I had a really interesting journey getting here. As long as it was, I never really minded until the last 15 minutes when it hit me how tired I was from traveling.
I started with my boat ride from Positano to Salerno. The boat is the fastest way to get to Salerno from Positano and Salerno is the city with the trains to Sicily. My other choice would have been to go back north to Sorrento but I wanted to keep going south and see something else. The boat ride is a little over an hour. I started chatting with one of the boat workers. I had pointed to some land way out in the sea and asked if it was Sicily. He laughed. Nope. I guess Italy is bigger than I thought. We started talking and had a really nice chat. He pointed out sights along the way. A lot of the castle towers along the coast are privately owned. The government sold them at one time when they were in need of cash. We talked about the Toro tuna fishing issue off the coast of Italy. Many Japanese are buying up the fish but it sounds like the Italians can still buy some locally at a good price. One of the workers was a former tuna fisherman. We talked about the state of economics in Italy and how hard it’s been moving from the Lira to the Euro. I had noticed a big change in the Italians in Rome and figured it was because of this and everyone I ask about it seems to say that this transition is the problem. I’d like to do some research on my own about it. I might talk more about this later. It’s been on my mind since I arrived here. Lastly we talked about electricity, power, and alternative choices. Electricity is very expensive in Italy and apparently they buy it from France and Switzerland. There is some wind power being generated in the south but I honestly don’t know how much power that creates. I’ve heard that solar is very expensive and he mentioned that in these tourist towns they have a hard time with the idea of changing the view of their city with the addition of solar panels on rooftops. The have a bit of an image they are trying to maintain. It was a pretty interesting and broad conversation. It was all in English by the way too. He spoke really well and wanted to practice and kept asking me to clarify words. I’m curious if he did something else in another life.

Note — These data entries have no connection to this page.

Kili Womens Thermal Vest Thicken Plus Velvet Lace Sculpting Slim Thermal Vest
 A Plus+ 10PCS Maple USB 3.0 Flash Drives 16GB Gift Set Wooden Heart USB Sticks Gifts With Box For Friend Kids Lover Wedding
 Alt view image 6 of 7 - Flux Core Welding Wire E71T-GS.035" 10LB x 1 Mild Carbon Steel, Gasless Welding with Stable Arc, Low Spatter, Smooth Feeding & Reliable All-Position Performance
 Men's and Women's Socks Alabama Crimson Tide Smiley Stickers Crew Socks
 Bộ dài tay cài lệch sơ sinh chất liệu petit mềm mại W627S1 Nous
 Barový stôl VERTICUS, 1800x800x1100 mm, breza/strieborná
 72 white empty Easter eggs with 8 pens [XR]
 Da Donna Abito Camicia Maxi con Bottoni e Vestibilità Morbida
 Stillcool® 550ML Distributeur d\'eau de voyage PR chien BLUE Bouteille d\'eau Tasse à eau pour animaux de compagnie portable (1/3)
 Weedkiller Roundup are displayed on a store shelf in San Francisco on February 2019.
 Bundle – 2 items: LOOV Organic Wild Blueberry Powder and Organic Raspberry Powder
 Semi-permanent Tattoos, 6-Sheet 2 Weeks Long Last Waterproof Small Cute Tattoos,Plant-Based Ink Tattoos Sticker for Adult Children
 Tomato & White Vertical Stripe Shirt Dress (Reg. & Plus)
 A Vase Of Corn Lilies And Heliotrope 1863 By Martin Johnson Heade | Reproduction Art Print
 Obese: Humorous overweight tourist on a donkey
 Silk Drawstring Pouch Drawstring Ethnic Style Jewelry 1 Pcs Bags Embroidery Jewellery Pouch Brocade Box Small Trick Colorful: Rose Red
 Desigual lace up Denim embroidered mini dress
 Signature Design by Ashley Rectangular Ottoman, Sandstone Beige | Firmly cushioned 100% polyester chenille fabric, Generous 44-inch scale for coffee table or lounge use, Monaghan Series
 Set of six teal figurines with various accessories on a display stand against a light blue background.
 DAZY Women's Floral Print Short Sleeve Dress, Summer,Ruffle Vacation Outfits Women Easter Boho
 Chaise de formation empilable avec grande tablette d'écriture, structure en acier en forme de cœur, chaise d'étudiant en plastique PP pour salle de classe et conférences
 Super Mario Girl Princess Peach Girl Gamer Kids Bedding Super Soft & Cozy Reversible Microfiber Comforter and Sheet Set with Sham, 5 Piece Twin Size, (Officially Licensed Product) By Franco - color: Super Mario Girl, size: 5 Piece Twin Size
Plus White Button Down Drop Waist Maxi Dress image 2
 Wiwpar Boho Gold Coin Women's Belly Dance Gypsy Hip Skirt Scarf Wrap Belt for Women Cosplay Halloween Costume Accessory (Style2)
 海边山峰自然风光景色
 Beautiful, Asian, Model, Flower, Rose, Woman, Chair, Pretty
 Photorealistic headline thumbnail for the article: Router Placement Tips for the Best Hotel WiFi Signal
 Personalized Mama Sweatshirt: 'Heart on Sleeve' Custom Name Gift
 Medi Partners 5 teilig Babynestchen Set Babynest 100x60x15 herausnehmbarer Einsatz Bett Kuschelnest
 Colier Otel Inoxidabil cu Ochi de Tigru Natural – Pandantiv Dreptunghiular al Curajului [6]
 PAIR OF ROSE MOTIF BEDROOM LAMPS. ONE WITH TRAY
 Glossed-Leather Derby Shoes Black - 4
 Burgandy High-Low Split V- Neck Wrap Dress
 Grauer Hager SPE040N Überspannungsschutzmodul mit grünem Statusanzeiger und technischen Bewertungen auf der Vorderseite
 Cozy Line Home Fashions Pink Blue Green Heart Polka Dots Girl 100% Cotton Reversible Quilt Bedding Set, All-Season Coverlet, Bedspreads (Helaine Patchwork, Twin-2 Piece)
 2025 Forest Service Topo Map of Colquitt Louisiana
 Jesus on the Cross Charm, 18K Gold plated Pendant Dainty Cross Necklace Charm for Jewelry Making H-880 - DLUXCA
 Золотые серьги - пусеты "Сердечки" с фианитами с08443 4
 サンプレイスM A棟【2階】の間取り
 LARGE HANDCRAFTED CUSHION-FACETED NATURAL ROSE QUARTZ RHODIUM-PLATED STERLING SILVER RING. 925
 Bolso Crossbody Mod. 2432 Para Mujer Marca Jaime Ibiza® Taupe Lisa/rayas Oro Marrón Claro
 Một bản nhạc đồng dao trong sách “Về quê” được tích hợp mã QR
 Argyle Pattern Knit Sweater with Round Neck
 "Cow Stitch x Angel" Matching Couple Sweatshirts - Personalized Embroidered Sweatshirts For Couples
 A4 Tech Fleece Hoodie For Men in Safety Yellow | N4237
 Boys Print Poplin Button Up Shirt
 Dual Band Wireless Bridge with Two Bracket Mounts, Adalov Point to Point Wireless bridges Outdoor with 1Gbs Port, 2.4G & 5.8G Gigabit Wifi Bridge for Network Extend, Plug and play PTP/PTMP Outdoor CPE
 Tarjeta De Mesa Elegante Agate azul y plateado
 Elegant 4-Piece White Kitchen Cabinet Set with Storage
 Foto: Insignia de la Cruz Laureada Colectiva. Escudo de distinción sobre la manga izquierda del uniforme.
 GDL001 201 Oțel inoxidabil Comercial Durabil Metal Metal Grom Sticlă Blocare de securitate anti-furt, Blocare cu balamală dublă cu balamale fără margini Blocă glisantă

Once I reached Salerno, I had some time to wander before my train was scheduled to depart. It was really just enough time to check email and get lunch. I stopped into a random spot called Pinocchio’s. I chose it randomly but then realized it was in the guidebook too. I don’t know if I would have stopped based on the summary they gave but my experience was GREAT! The owner came up to me and rattled off a bunch of Italian. I didn’t really know what he was saying and caught maybe every 3rd or 4th word. Whatever he said, I decided to just agree to it and minutes later out came my lunch. First I had a plate of mussel and clam pasta in a light olive oil and tomato sauce. Next I had a spinach and ricotta pie of some sort. The crust actually seemed like a pizza crust so maybe it was like a calzone but in the shape of a pie. Last, he brought out a plate of fried sardines and a plate with roasted potatoes and eggplant. The whole thing was so good and when I was done and asked for the check he shrugged his shoulders and said 10, like he was just throwing a number out. Good stuff.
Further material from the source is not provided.